Northern Irish civil servant

Patrick Shea CB, OBE, FRSA (27 April 1908 - 31 May 1986) was a Northern Irish civil servant and the first Roman Catholic since A. N. Bonaparte-Wyse in the 1920s to achieve the rank of permanent secretary of a government department in Northern Ireland.

==Career==
Shea was born in Delvin, County Westmeath, where his father, a native Irish speaker from West Kerry, was a member of the Royal Irish Constabulary. Shea grew up in various locations around the country to which his father was posted.

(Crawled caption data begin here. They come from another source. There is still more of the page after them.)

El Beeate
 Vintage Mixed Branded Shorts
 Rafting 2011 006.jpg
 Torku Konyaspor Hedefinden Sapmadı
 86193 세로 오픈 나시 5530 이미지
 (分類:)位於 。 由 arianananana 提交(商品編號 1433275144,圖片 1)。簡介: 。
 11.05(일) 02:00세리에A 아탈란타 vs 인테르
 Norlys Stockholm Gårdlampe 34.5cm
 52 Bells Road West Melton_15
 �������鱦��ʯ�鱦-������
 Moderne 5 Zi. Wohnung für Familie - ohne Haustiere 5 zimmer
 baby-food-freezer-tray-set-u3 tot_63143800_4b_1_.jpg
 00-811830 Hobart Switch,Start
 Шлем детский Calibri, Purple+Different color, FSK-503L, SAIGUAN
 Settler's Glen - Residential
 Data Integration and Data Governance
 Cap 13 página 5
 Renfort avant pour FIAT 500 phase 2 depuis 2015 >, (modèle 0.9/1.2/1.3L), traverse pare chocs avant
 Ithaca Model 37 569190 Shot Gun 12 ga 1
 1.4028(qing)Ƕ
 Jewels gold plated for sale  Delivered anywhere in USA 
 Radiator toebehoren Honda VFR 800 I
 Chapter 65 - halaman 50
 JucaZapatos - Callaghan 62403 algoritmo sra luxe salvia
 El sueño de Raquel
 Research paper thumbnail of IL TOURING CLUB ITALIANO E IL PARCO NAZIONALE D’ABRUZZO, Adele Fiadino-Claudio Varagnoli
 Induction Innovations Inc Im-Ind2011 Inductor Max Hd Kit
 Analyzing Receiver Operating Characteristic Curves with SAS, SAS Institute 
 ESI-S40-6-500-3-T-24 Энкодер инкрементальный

One of his earliest memories was being taken by his father to watch the celebrations in the Phoenix Park, Dublin that followed the passing of the Third Home Rule Bill in 1912. This would have established a devolved parliament in Dublin after it had completed its passage through the House of Lords which it was due to do by 1914. However, the outbreak of World War I caused Home Rule to be suspended for the war's duration, and following the Easter Rising of 1916, the subsequent success of Sinn Féin at the 1918 General Election and its establishment of a provisional government in Dublin in 1919 the Bill was never put into effect. During the Irish War of Independence, Shea developed a strong hostility to Irish Republicans whose primary targets were RIC policeman such as his father.

Their guns were aimed at the ones I loved. I was an uncompromising West Briton.

Following the disbandment of the RIC in 1922 upon the creation of the Irish Free State via the Anglo-Irish Treaty/Partition of Ireland, Shea's father joined the Royal Ulster Constabulary, attaining the rank of head constable and later clerk of petty sessions in Newry, County Down, where the family later lived.

Patrick Shea attended the Abbey CBS in Newry. Upon leaving, he joined the Northern Ireland Civil Service in June 1926. His postings included:
- Ministry of Labour, clerical officer 1926–1935 Belfast, outdoor officer Enniskillen 1935–1938, senior clerk, headquarters 1938–1939
- Ministry of Finance, assistant principal 1939–1941, deputy principal 1941. His initial appointment to this office was blocked because he was a Roman Catholic by the Minister of Labour John F. Gordon who was later overruled by John M. Andrews the Minister of Finance.
- Secretary Civil Service Committee for Northern Ireland 1941
- Ministry of Education, principal December 1947 – 1959, establishment officer and accountant
- Ministry of Finance, Public Buildings and Works, 1959–1963, assistant secretary 1963–1969
- Ministry of Education, permanent secretary, December 1969 – 1973

After retirement he chaired Enterprise Ulster from 1973 to 1979. Shea commented on his own career by recalling that it "was my experience that some Catholics, and especially those in Belfast, where I had been told, the Bishop advised them against seeking Government employment, looked with suspicion on Catholic civil servants. We had joined the enemy, we were lost souls".

==Honours==
Shea was given an OBE in 1961 and CB 1972. He was made an Honorary member of the Royal Society of Ulster Architects in 1971 and a Fellow of the Royal Society of Arts in 1977. He was a long-time member of the Ulster Arts Club.

==Personal life==
He married Eithne McHugh (d. 2000) in September 1941, and they had a daughter and two sons.

==Sources==
- Shea, Patrick. Voices and the sound of drums, Blackstaff Press: 1981; ISBN 0-85640-247-8.